Indonesia's new export plan revives a warning from the 1990s
▼ Bad for Indonesia export monopoly echoes failed clove policy
In May 2026, President Prabowo Subianto announced a "single-door" export policy. Sales of three key products, palm oil, coal, and ferroalloys (metals used to make steel), must now pass through one state-owned company, PT Danantara Sumberdaya Indonesia. The government says this will stop illegal mining, bring in more state income, and cut fraud and money that leaks out of the country. Writing for Indonesia at Melbourne, the author says the plan looks a lot like a failed experiment from the Suharto years. Investors seemed to share the doubt: the Jakarta stock market fell more than 2 percent on the day it was announced.
The warning comes from the clove monopoly of the 1990s, run by an agency called BPPC. A monopoly is when one seller controls a market. This was closer to a monopsony, where one buyer decides who can sell and at what price. The agency was led by Suharto's son, Hutomo "Tommy" Mandala Putra, and it promised to protect clove farmers with fixed minimum prices. Instead, farmers lost the power to bargain, the price they actually received fell sharply, and some growers in Aceh gave up their trees. The state had to rescue the scheme with about Rp 569 billion in central bank credit, plus more in commercial loans, before shutting it down in 1998.
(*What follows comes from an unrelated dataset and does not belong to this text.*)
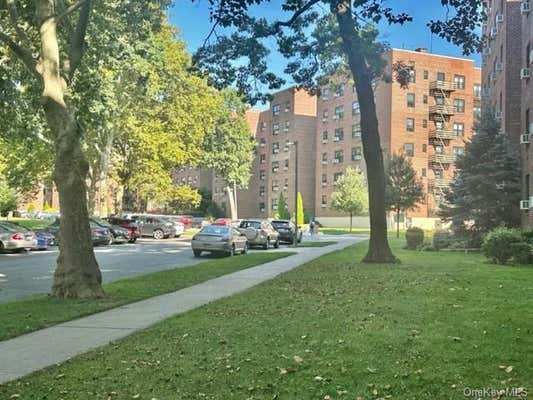 1 bed, 1 bath, 923 sqft, $2,500, Unit 4P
The concern today is the structure, not the crop. When one company controls a market, has wide freedom to decide, and faces weak checks, the result is often corruption. The author points to a simple formula from the economist Robert Klitgaard: monopoly plus discretion minus accountability equals corruption. The new rules take effect at once, but the bodies meant to watch over them may not be ready until January 2027.
Why it matters
If you farm, mine, or trade these products, your buyer and your price may soon be set by one state company instead of the open market. The history here is not comforting: the last time Indonesia tried this, small farmers lost the most, and the plan still needed public money to survive. The gap until oversight begins in 2027 is the risky part, when a large flow of value passes through one door with few people watching.